Design and construction
- Developer: Ra'is Mu'ayyad al-Din Muzaffar ibn Ahmad Mustawfi
- Known for: Nizari Ismaili stronghold

= Gerdkuh =

Nizari Ismaili fortress in present-day Semnan Province, Iran

Gerdkuh was a castle of the Nizari Isma'ili state located near Damghan in the region of Qumis (modern-day Semnan Province of Iran).

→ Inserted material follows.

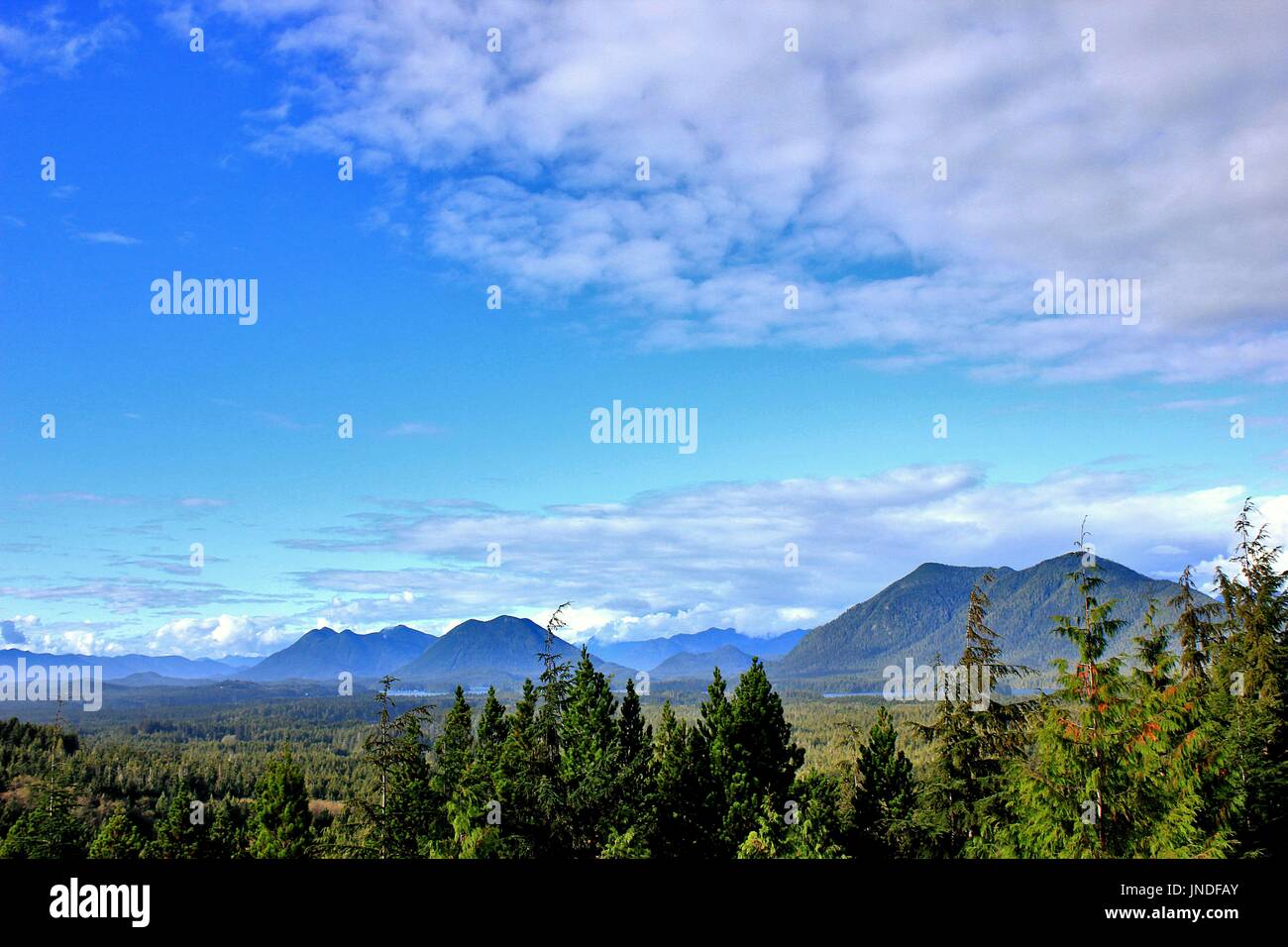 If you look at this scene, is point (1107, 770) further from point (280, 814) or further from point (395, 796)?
point (280, 814)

Gerdkuh is a "fortified mountain"—a high vertical rock of 300 m in height with buildings on its summit and fortifications at its sides, defended by a triple ring of fortifications at its foot, making the citadel impregnable to direct military assault. It was originally a small fort acquired and refortified in 1096 AD by a Seljuq commander who was secretly a Nizari. The fortress served as a place of refuge for the families of the Nizaris, and its strategic location in the middle of the Khorasan Road made it a useful base for collecting taxes from the passing caravans of the Silk Road.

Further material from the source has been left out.